* Your task *
There are pictures in the records below; leave them out and set down exactly the lines from the one holding "Funny Urban Planner" through the one holding "FalsePositiveRoundBrk-y4dd字体转换".

* Information provided *
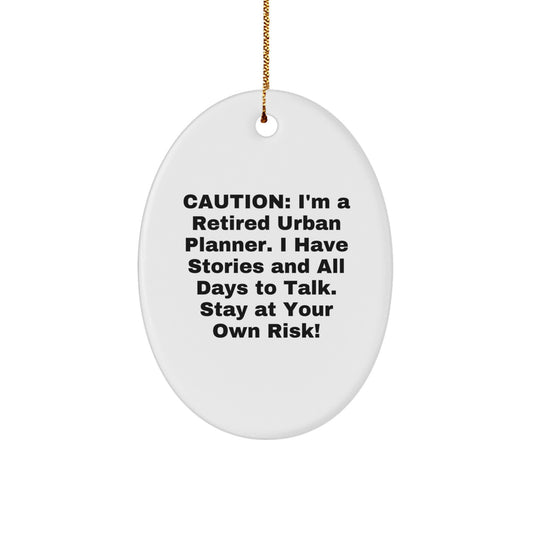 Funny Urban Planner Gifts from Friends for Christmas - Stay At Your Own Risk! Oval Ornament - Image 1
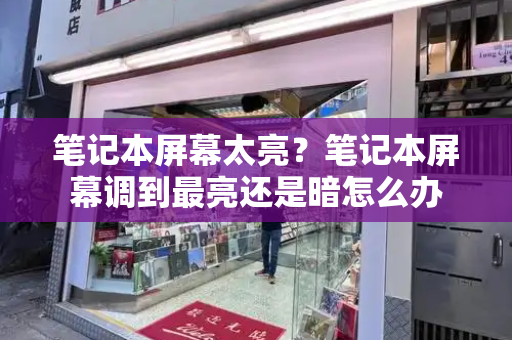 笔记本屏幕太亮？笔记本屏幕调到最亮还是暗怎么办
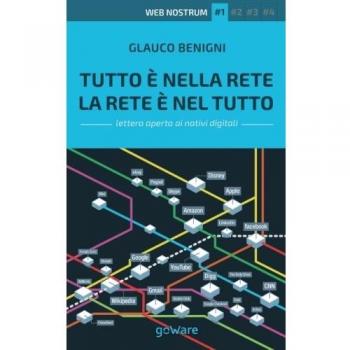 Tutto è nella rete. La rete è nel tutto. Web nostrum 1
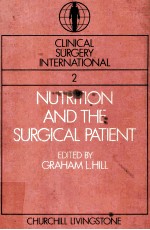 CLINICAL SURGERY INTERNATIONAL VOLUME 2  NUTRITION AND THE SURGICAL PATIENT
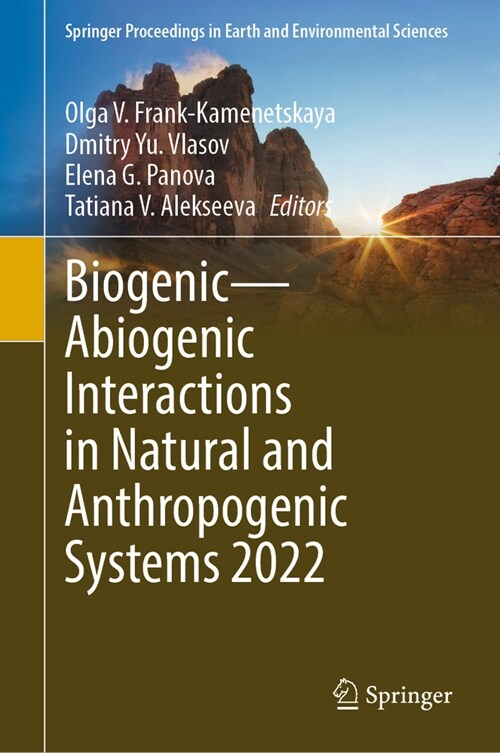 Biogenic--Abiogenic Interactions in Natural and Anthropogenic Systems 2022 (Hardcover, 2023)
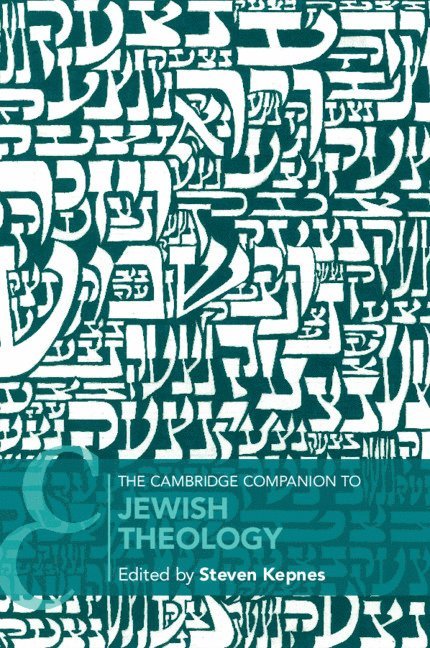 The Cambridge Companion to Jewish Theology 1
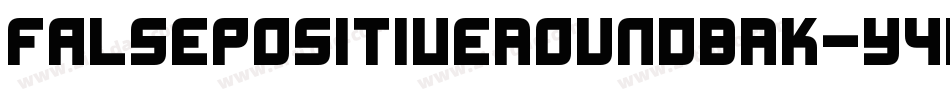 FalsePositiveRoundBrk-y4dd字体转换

...

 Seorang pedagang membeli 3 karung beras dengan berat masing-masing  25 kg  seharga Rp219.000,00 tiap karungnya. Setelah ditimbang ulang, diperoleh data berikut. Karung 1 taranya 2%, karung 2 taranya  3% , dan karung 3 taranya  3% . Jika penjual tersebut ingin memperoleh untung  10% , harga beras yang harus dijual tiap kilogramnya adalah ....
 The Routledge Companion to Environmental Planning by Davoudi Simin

* Output of the task *
 Funny Urban Planner Gifts from Friends for Christmas - Stay At Your Own Risk! Oval Ornament - Image 1
 笔记本屏幕太亮？笔记本屏幕调到最亮还是暗怎么办
 Tutto è nella rete. La rete è nel tutto. Web nostrum 1
 CLINICAL SURGERY INTERNATIONAL VOLUME 2  NUTRITION AND THE SURGICAL PATIENT
 Biogenic--Abiogenic Interactions in Natural and Anthropogenic Systems 2022 (Hardcover, 2023)
 The Cambridge Companion to Jewish Theology 1
 FalsePositiveRoundBrk-y4dd字体转换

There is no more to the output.